REQUIRED WORK: Reproduce word for word the lines between the one containing "Luxor Modern Grey Dining Chair Set of 2" and the end of the entries below, both inclusive; leave out pictures.

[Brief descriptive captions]
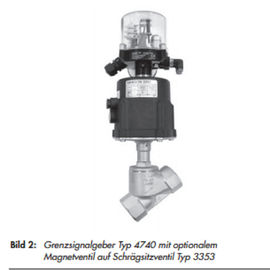 Pneumatische Legering/Staalbolklep zonder Voering DN 15 - de Klepgrootte van DN 50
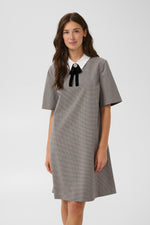 Cathlin dress gray check
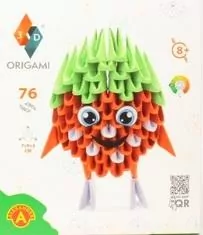 Origami 3D. Truskawka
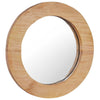 Teak-Wandspiegel Fotino 40cm (rund)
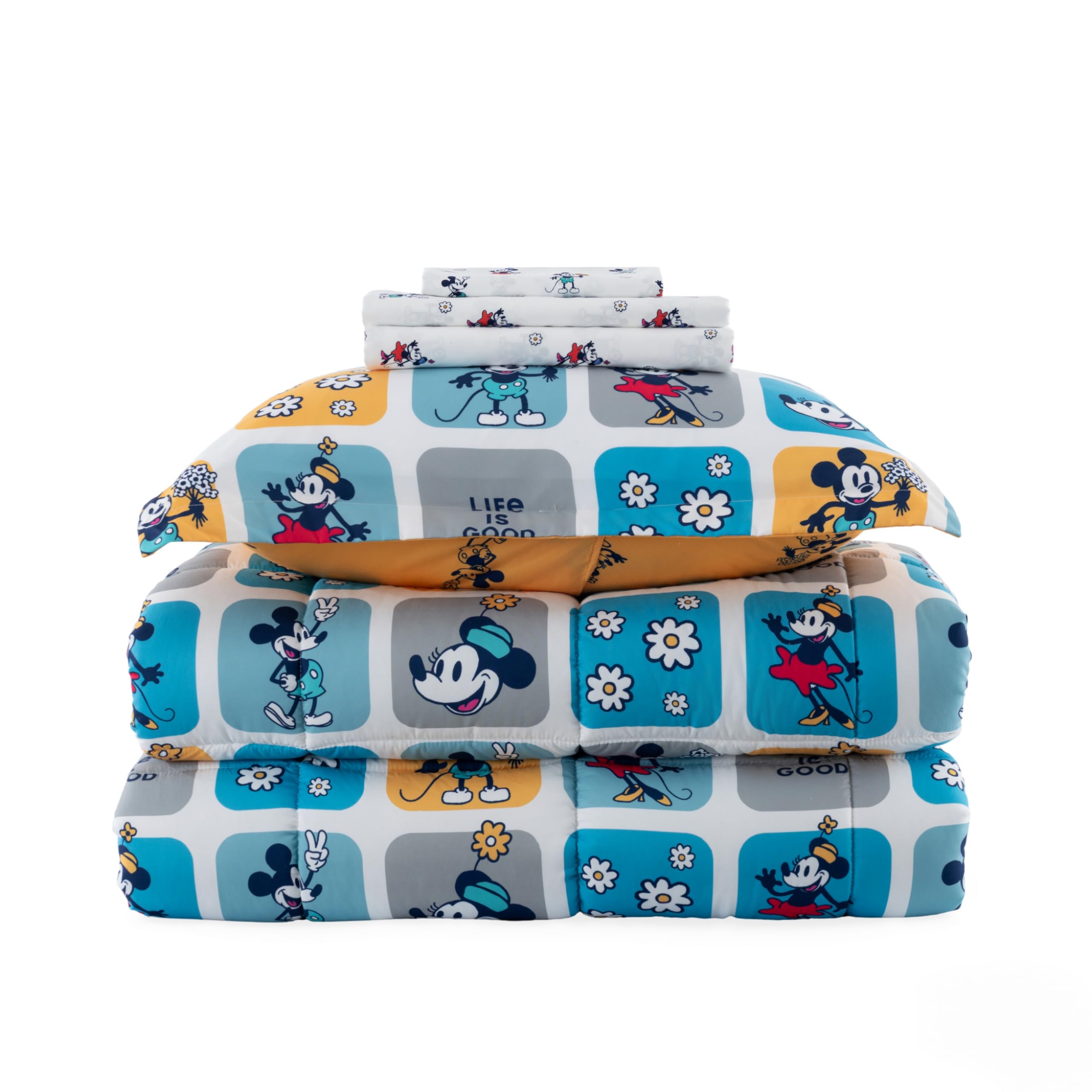 Reversible Microfiber Comforter Set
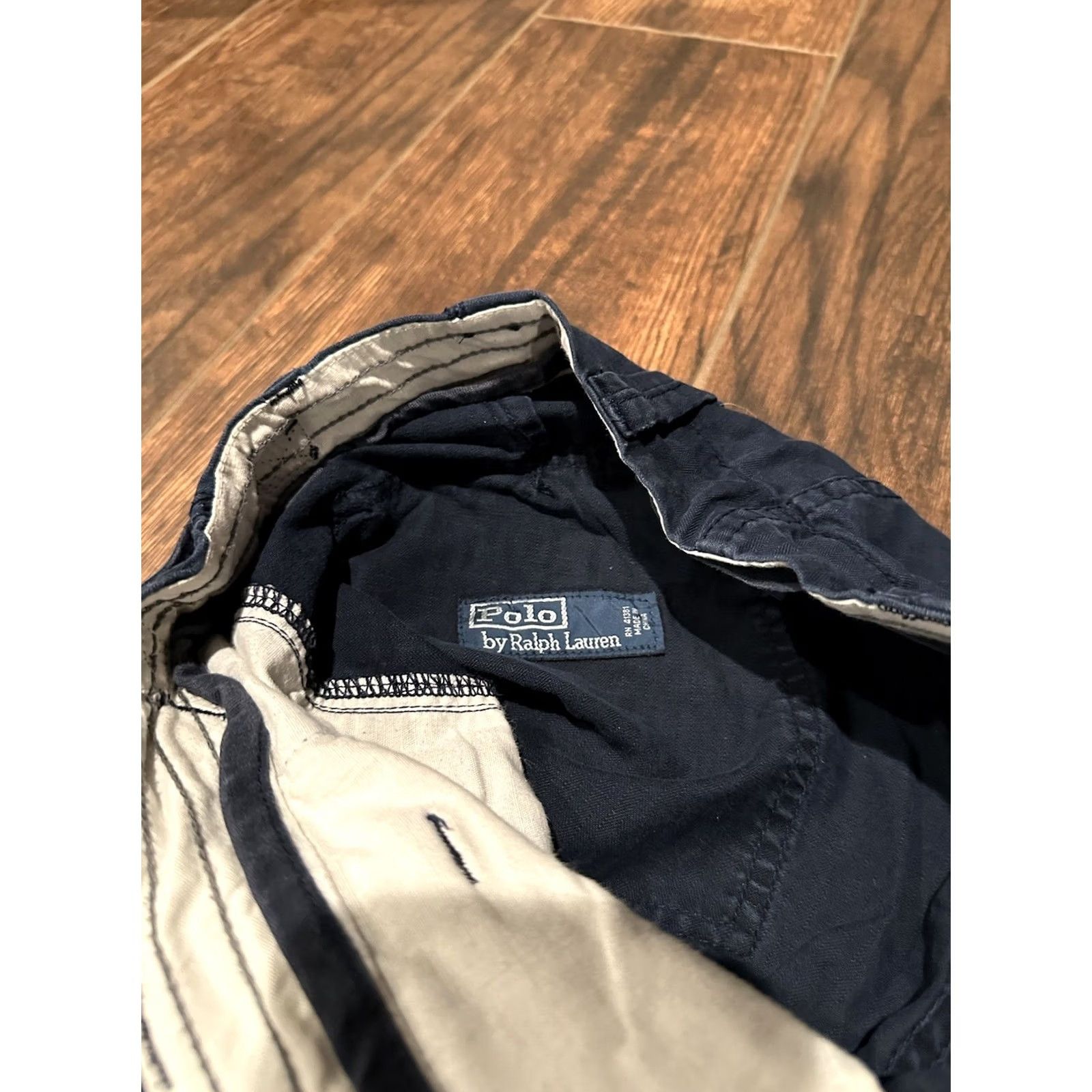 Vintage VINTAGE Polo Pants Mens 32 Blue Ralph Lauren Multi Pocket Cargo Size 32x29 Size US XS / EU 42 / 0 - 7 Thumbnail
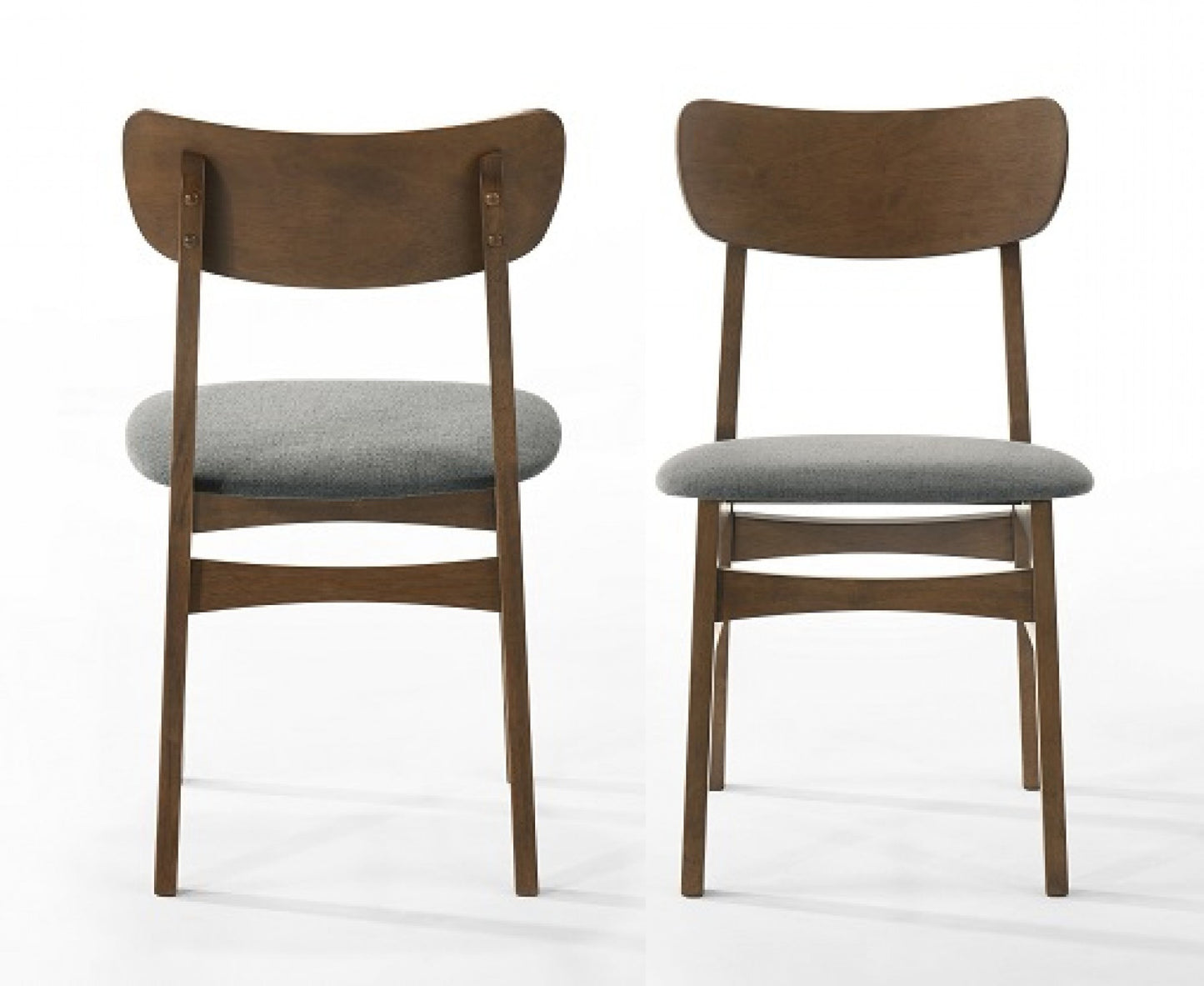 Luxor Modern Grey Dining Chair Set of 2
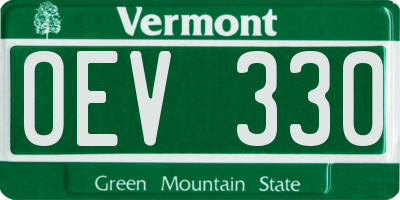 VT license plate OEV330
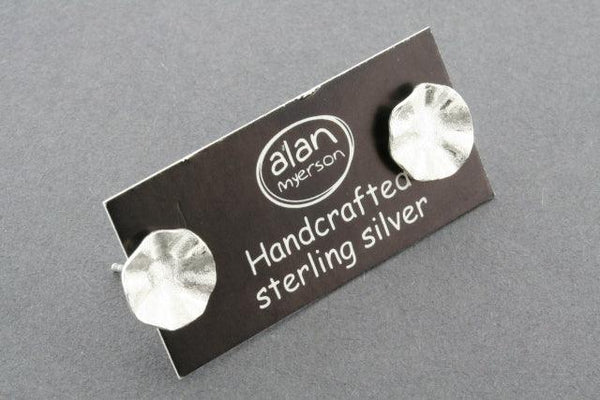 Wavy circle stud - sterling silver - Makers & Providers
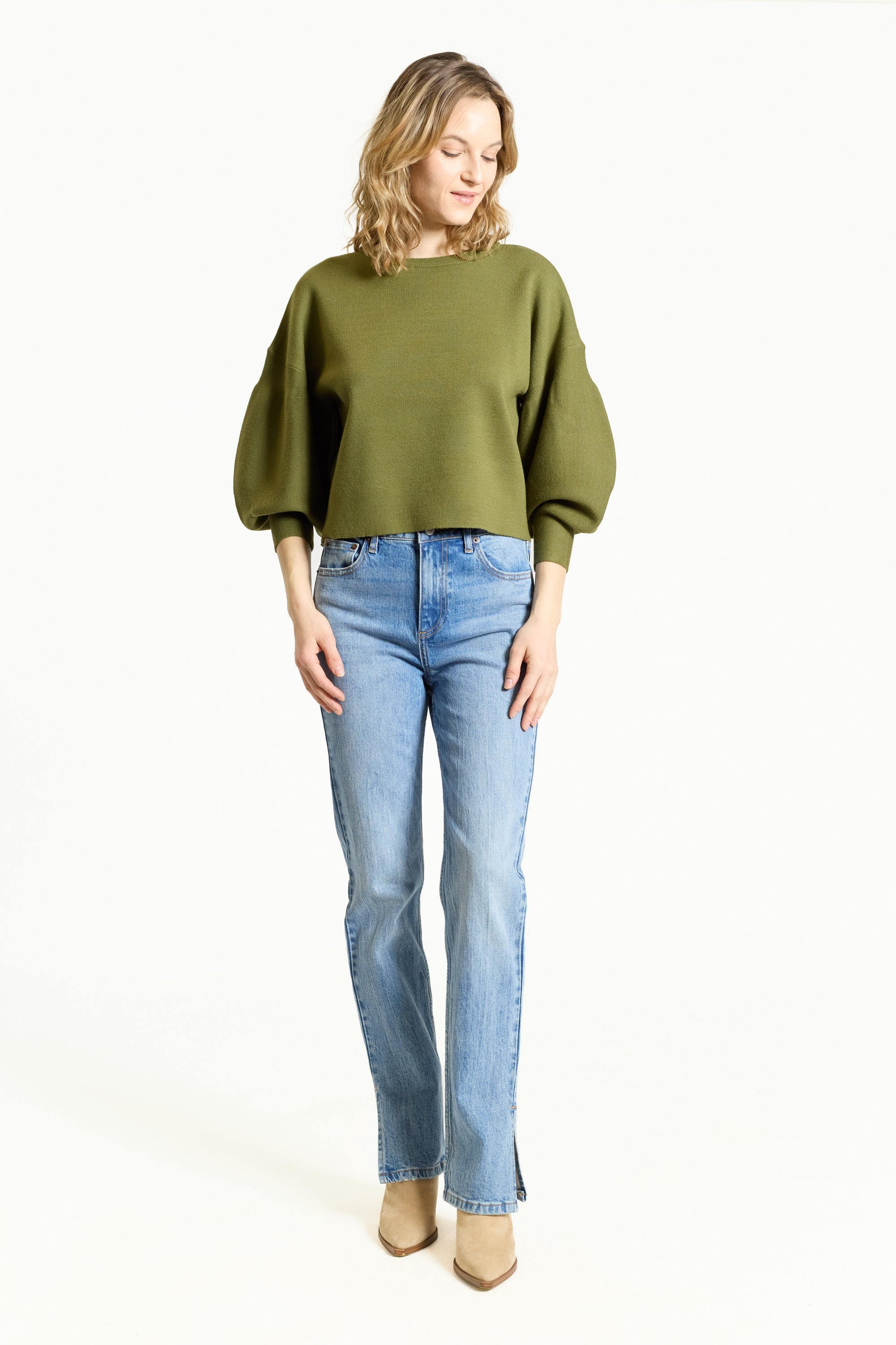 OAT Balloon Sleeve Sweater | 3047-KY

WRITTEN RESPONSE:
 Luxor Modern Grey Dining Chair Set of 2
 VT license plate OEV330
 Wavy circle stud - sterling silver - Makers & Providers
 OAT Balloon Sleeve Sweater | 3047-KY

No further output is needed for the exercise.